Эти мысли пришли в голову тому, кто взялся сочинить для тебя, любимый читатель, странное каприччио о принцессе Брамбилле в ту самую минуту, как он уже собирался описать удивительное состояние, в какое пришел переодетый Джильо Фава, услышав сказанные шепотом слова: «Это принцесса Брамбилла танцует со своим возлюбленным, ассирийским принцем Корнельо Кьяппери!» Авторам редко удается не выдать читателю своих мыслей по поводу тех или иных перипетий в судьбе их героев. Они, пожалуй, слишком даже охотно берут на себя роль греческого хора в своей книге и выдают за размышления все то, что совсем не относится к делу, но может служить истории приятным украшением. Таким приятным украшением можно счесть и мысли, открывающие эту главу. Ибо для самой истории они действительно столь же мало нужны, как и для описания душевного состояния Джильо, которое вовсе не было столь уж странным и необычным, как можно бы подумать, судя по взятому автором разбегу. Короче говоря, едва Джильо услышал эти слова, как мигом вообразил себя ассирийским принцем, с которым танцует принцесса Брамбилла.

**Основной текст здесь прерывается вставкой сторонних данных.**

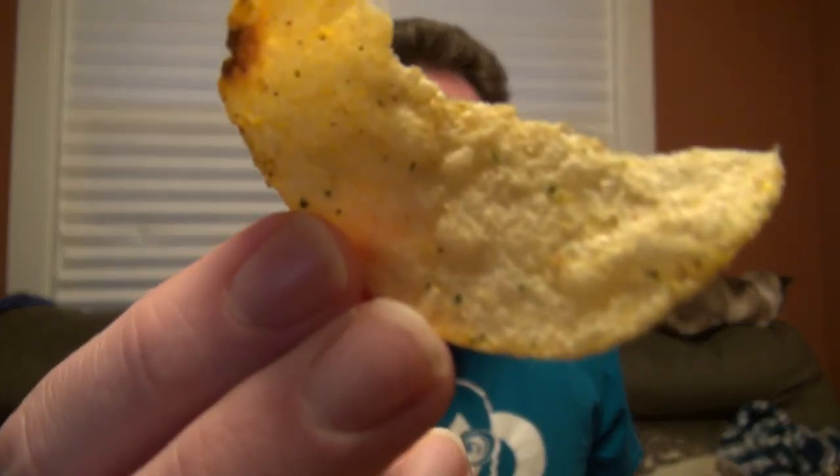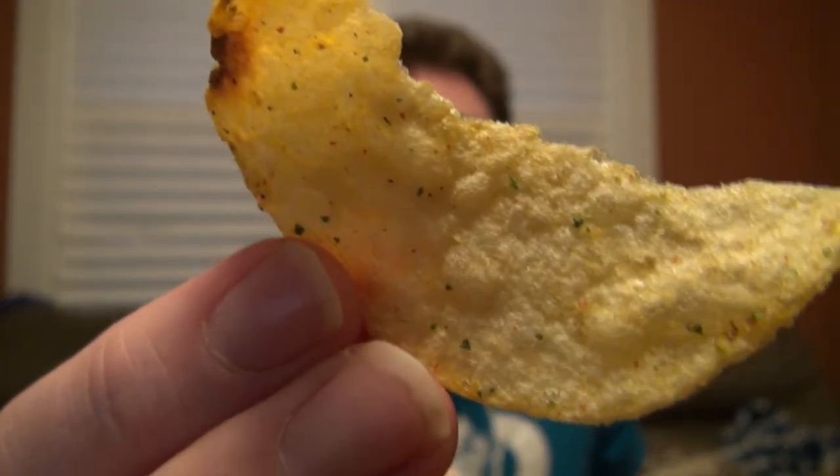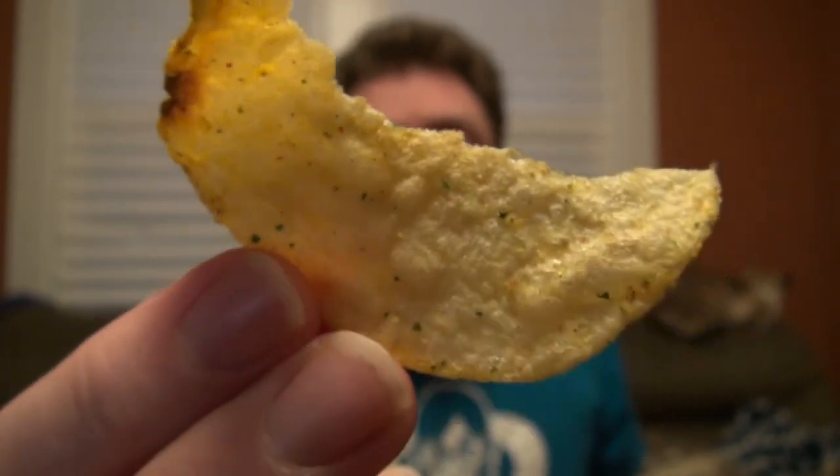Yeah, that doesn't taste like a BLT. That tastes like a potato chip with almost no flavoring on it, actually. There's a lot of those flavor flakes on there — different green and red specks, mostly green, but there's some red in there. And that's supposed to be — and I guess bacon — maybe some brown specks. I get no bacon flavor, I get no lettuce flavor, I get no tomato flavor — tomato flavor, if you're British.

Всякий дельный философ, у которого есть хоть на мизинец опыта, сумеет так легко это объяснить, что пятиклассники и те должны будут постигнуть, что такое причуды нашего духа. Упомянутый психолог не найдет ничего лучшего, как сослаться на вюртембергского чиновника, описанного в Маухардтовом руководстве по эмпирической психологии, который в пьяном виде скатился с лестницы и потом соболезновал сопровождавшему его писцу в том, что бедняга сильно ушибся. «Судя по тому, ― скажет дальше этот психолог, ― что мы слышали о Джильо Фаве, он испытывал состояние, аналогичное опьянению, своего рода душевное опьянение, вызванное некоторыми, раздражающими нервы, эксцентрическими представлениями о своем «я», а так как актеры сильно склонны к такого рода опьянению, то...» ― и т. д. и т. д.